Screenwriter Anthony Burgess later recounted the launching of the project in an essay entitled "Telejesus (or Mediachrist)":The notion of making a six-hour television film on the life of Jesus Christ was proposed by an ennobled British Jew, with the golden blessing of an American automobile corporation. The project struck some as blasphemous, others as ecumenical. Lord Grade, then Sir Lew Grade, presided over a massive press conference in the Holy City, (Rome), and said all that was available to be said—namely, that there would be this film, that Zeffirelli would direct it, and that Burgess would write it. Fired by this announcement, the Romans laid on a great, as it were, First Supper, which the Chief Rabbi of Rome attended, as well as various cricket-playing British ecclesiastics. Sir Lew Grade was made a Cavaliere of the Republic. The Pope was noticeably absent.

Both Grade and Zeffirelli insisted their adaptation of Jesus's life should be "ecumenical", coherent, even to non-believers, and "acceptable to all denominations". To ensure the film's accuracy, the producers consulted experts from the Vatican, the Leo Baeck Rabbinical College of London, and the Koranic School at Meknes, Morocco. However, when Zeffirelli asked Rabbi Albert Friedlander to help him create Jesus's Bar Mitzvah scene, the latter replied that such ceremonies were practised only from the 15th century. The director, however, insisted on including it, and Friedlander tried to teach child actor Lorenzo Monet to read a short portion of the Pentateuch in Hebrew. Monet, however, mumbled it and the director was not satisfied (in the film, boy Jesus reads mostly in English).

===Casting Jesus===
The producers at first considered choosing a well-known star, who would draw a large audience, for the role of Christ. The first actor thought of was Dustin Hoffman, and Al Pacino was also a candidate. Zeffirelli decided to look for an actor whom the audience would immediately identify as Jesus. For example, Hoffman and Pacino both stand at just 5'6", and neither man's face bears a resemblance to Jesus as depicted in art, which has been based for many centuries on the image found on The Shroud of Turin. The image on the shroud is that of a man who is 6'. Eventually, the character's likeness was influenced by Warner Sallman's portrait painting Head of Christ: Paul Harvey and Edward J. Blum wrote the show "put Sallman's imagination in motion". The Virgin Mary was depicted by Olivia Hussey.

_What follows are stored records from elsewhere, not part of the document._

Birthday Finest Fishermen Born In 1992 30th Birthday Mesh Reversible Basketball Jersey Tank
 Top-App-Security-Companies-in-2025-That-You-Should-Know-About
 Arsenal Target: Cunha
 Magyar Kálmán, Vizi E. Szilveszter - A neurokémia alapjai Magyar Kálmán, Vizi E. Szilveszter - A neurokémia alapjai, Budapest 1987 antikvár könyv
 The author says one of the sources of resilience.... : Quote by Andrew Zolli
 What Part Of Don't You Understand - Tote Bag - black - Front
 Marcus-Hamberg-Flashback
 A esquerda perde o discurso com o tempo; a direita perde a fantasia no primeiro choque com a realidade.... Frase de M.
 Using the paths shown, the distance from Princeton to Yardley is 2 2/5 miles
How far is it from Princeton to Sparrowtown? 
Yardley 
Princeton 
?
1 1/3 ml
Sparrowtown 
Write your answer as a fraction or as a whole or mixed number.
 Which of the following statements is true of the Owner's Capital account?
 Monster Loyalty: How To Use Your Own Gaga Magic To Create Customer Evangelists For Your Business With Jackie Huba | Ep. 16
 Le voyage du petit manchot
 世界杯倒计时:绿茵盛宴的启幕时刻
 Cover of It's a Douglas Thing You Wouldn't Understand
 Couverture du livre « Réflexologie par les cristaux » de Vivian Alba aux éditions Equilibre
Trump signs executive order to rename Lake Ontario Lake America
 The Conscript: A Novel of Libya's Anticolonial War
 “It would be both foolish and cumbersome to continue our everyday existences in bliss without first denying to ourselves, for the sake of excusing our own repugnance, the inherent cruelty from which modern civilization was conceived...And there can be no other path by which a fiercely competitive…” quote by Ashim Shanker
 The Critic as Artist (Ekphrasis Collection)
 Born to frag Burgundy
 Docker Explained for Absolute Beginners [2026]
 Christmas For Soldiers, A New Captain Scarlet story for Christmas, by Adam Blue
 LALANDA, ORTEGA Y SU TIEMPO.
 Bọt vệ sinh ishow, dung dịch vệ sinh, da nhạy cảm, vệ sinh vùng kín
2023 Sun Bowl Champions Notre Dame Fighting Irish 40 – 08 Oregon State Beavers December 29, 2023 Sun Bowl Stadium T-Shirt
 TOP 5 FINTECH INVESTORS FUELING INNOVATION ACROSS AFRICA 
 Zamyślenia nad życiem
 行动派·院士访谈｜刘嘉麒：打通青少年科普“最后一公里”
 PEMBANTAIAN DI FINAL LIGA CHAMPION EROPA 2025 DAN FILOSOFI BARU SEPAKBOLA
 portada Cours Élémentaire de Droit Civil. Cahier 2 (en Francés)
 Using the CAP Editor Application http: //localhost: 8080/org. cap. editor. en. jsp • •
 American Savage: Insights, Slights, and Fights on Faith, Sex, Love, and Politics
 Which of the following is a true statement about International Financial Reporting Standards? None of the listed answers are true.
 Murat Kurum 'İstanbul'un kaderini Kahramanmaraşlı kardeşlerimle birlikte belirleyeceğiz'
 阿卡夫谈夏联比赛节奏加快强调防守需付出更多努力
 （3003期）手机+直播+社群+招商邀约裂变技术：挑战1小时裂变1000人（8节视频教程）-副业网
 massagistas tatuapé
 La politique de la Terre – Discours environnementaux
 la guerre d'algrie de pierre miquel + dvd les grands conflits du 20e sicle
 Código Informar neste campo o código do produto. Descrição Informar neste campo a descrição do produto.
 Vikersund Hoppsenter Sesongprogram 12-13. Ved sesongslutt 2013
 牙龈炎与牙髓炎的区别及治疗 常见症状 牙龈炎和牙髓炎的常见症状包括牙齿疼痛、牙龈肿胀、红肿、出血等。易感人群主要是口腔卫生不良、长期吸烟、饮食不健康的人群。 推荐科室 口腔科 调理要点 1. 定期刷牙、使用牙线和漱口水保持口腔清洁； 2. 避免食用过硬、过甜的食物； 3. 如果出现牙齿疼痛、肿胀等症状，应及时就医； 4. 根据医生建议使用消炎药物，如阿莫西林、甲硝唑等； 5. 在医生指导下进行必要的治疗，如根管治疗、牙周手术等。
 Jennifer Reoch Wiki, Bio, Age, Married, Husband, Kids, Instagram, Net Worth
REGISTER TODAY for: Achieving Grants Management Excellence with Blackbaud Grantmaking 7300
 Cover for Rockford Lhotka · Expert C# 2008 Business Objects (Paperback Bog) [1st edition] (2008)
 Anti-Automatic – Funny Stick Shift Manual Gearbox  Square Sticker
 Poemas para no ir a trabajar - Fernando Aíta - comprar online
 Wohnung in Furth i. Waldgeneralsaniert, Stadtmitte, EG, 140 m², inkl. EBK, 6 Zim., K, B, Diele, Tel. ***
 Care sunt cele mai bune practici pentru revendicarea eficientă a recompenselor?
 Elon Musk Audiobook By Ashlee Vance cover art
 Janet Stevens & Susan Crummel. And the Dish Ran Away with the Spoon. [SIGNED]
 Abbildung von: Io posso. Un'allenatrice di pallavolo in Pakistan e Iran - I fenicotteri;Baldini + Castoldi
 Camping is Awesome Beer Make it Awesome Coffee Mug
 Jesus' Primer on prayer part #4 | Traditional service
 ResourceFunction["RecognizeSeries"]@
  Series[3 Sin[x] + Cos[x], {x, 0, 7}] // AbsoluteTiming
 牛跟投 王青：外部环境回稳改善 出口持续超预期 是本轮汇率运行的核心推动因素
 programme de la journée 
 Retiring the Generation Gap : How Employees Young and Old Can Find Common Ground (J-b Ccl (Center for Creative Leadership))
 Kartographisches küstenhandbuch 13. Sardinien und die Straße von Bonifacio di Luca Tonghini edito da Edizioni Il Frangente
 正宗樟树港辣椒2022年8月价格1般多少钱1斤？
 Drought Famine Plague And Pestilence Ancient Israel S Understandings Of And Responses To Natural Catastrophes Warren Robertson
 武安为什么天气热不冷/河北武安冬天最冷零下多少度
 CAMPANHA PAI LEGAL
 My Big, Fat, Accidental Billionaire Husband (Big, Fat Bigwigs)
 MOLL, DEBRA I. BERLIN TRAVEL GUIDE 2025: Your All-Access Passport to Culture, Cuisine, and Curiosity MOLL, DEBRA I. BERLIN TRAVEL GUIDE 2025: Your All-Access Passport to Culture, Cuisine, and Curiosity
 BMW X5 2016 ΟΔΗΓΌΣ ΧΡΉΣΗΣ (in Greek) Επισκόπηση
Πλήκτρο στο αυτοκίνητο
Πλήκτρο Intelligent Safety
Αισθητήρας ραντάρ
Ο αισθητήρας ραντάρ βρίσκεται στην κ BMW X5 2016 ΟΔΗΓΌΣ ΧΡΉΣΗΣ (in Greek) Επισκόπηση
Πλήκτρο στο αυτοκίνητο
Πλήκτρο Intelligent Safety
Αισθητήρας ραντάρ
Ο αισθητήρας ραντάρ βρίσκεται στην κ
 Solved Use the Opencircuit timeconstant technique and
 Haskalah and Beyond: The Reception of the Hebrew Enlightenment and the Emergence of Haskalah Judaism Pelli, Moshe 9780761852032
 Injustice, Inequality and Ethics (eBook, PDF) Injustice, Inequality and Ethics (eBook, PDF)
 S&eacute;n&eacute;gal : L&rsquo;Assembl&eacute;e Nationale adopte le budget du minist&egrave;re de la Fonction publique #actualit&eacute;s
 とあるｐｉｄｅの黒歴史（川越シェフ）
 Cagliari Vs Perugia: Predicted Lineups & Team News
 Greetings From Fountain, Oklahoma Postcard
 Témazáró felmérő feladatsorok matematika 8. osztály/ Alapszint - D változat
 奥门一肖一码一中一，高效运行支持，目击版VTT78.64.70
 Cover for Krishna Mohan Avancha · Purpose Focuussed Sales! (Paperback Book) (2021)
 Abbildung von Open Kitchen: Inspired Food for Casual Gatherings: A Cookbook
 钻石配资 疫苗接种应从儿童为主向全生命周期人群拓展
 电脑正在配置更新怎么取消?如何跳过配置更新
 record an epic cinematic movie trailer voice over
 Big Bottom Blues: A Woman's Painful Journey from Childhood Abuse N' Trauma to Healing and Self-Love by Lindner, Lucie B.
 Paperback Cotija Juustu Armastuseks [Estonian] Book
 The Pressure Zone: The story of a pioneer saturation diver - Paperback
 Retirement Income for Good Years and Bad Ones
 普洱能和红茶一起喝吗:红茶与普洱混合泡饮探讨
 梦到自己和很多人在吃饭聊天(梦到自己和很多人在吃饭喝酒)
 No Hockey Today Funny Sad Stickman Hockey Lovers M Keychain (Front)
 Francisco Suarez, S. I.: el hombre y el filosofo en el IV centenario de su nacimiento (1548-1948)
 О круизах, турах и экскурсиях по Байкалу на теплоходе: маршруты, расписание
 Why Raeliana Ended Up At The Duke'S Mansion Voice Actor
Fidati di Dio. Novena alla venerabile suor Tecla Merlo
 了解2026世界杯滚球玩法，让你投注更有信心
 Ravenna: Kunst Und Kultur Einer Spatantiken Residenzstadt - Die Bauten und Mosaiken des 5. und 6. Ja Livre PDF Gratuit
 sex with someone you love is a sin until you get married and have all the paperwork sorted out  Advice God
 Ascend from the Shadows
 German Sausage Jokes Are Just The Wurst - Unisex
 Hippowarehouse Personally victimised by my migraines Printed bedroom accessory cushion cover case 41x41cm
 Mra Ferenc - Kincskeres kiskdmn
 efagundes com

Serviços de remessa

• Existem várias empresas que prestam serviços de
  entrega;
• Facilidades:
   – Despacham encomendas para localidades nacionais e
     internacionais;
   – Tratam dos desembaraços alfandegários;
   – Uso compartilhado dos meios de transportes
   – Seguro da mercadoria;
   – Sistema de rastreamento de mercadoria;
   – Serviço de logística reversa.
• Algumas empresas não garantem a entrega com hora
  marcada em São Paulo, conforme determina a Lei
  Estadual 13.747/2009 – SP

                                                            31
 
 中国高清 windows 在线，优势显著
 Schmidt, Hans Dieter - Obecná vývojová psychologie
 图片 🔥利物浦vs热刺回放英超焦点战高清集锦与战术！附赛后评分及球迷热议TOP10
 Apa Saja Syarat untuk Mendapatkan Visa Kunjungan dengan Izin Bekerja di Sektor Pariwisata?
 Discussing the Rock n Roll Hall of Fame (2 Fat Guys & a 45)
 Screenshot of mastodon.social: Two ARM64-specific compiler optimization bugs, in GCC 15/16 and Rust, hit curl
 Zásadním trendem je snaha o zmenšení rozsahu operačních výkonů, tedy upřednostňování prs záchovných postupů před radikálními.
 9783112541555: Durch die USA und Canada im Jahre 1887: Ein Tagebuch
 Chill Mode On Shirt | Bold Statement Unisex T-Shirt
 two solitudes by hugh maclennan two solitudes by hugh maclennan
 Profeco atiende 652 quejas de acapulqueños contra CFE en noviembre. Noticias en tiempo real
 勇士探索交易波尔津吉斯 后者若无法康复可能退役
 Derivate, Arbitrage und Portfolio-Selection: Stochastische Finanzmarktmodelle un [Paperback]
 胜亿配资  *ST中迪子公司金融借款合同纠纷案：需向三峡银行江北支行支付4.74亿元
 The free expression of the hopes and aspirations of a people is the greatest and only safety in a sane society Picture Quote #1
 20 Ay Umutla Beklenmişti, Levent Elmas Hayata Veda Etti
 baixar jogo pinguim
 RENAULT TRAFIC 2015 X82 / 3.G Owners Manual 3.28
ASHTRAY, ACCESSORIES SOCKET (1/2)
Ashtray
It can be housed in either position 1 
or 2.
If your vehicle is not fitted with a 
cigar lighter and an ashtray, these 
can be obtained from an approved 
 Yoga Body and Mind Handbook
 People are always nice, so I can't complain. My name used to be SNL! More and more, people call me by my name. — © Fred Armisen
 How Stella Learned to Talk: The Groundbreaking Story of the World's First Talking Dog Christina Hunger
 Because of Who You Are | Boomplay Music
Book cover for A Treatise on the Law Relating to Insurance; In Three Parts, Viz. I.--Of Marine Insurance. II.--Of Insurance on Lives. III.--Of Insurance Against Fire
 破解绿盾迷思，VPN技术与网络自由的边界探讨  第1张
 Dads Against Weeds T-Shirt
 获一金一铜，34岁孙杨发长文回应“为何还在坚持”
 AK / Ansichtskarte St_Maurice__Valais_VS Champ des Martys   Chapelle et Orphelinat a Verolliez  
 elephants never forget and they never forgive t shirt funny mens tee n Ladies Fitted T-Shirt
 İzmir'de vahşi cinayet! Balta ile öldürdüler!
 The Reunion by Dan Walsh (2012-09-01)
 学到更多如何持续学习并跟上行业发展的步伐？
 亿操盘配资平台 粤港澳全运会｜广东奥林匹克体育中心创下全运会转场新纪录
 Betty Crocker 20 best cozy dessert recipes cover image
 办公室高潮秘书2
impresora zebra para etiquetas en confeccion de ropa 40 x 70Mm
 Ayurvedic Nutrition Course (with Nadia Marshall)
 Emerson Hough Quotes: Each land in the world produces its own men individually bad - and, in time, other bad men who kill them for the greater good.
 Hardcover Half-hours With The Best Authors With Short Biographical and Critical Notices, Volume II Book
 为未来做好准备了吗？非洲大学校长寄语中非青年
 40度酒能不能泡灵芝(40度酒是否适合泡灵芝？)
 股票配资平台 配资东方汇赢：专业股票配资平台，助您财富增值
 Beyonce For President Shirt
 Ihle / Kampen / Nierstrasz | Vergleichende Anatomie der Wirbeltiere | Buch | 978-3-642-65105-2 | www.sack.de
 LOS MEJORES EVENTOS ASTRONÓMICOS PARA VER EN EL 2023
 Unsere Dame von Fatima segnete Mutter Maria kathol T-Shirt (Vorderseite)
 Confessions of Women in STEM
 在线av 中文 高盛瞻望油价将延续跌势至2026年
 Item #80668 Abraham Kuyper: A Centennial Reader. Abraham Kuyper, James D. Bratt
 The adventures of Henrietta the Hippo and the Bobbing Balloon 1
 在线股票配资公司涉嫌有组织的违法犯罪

The idea to cast Robert Powell originated with Grade's wife, Kathie Moody, who told her husband the actor had "wonderful blue eyes" after watching his performance in a BBC television adaptation of Thomas Hardy's Jude the Obscure. Powell came under criticism from religious groups for "living in sin" with his companion, dancer Barbara Lord of Pan's People, while intending to portray Jesus. The couple married shortly before production began. As of 2025, Powell and Lord have been married for 50 years.

Powell rarely blinks throughout the entire film, mimicking, in this respect, H. B. Warner in 1927's The King of Kings and Max von Sydow in 1965's The Greatest Story Ever Told. This effect was a deliberate decision by Zeffirelli. James Houlden commented that the result was "a penetrating, unrelenting eye contact with Jesus's." A dark blue eyeliner was applied on set to accentuate Powell's blue eyes. Powell's portrayal has since become an often-used image in popular devotional art, and "defined the visual image of Christ in the minds of the audience... Perhaps more than any other Jesus film."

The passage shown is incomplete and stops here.